A Polícia Federal (PF) informou que o banqueiro Daniel Vorcaro continuou a ocultar recursos bilionários em uma gestora de investimentos após ser liberado de sua primeira prisão na Operação Compliance Zero em novembro.
Segundo os investigadores, Vorcaro ocultou R$ 2,2 bilhões de credores e vítimas enquanto o Fundo Garantidor de Créditos (FGC) cobria o rombo do Master no mercado financeiro.
Valores em conta
De acordo com a PF, o montante estava na conta de Henrique Moura Vorcaro, pai de Daniel, junto à CBSF DTVM, a ex-Reag. A Reag é citada na Operação Carbono Oculto, que investiga a lavagem de dinheiro do PCC em fundos de investimento.
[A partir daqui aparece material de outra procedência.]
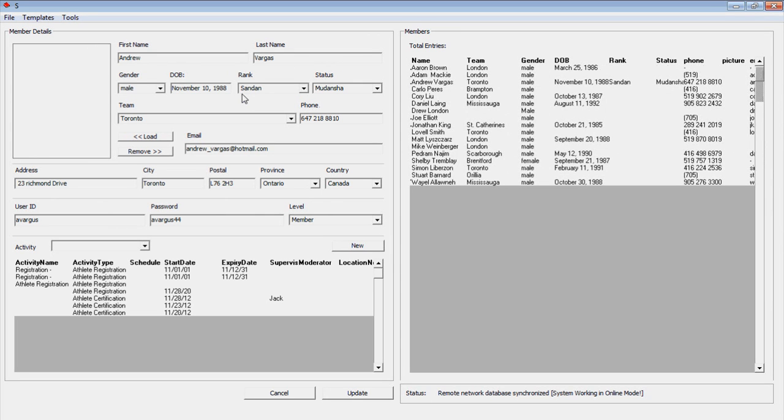The details will become interactive in the Member Details frame on the left. We can now edit the information. At the bottom of the frame, the members activity list will also appear.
A empresa negou irregularidades.
Nova prisão
A PF considerou a ocultação dos valores, após a liberação de Vorcaro em novembro, como uma confirmação dos indícios de reiteração delitiva do banqueiro.
O ministro André Mendonça, do Supremo Tribunal Federal, citou os indícios de “ocultação e dilapidação do patrimônio obtido ilicitamente” para decretar a nova prisão de Vorcaro.
Henrique Vorcaro, pai de Daniel, também foi citado em um pedido da liquidante do Master, a EFB Regimes Especiais de Empresas, à Justiça dos Estados Unidos. O pedido solicitou o congelamento de uma mansão na Flórida que seria da família Vorcaro.
O documento alega que Henrique Vorcaro e Natália Vorcaro, pai e irmã do banqueiro, usaram a empresa Sozo para adquirir a mansão em fevereiro de 2023, como parte de um suposto esquema para “comprar ativos com recursos desviados do Master”.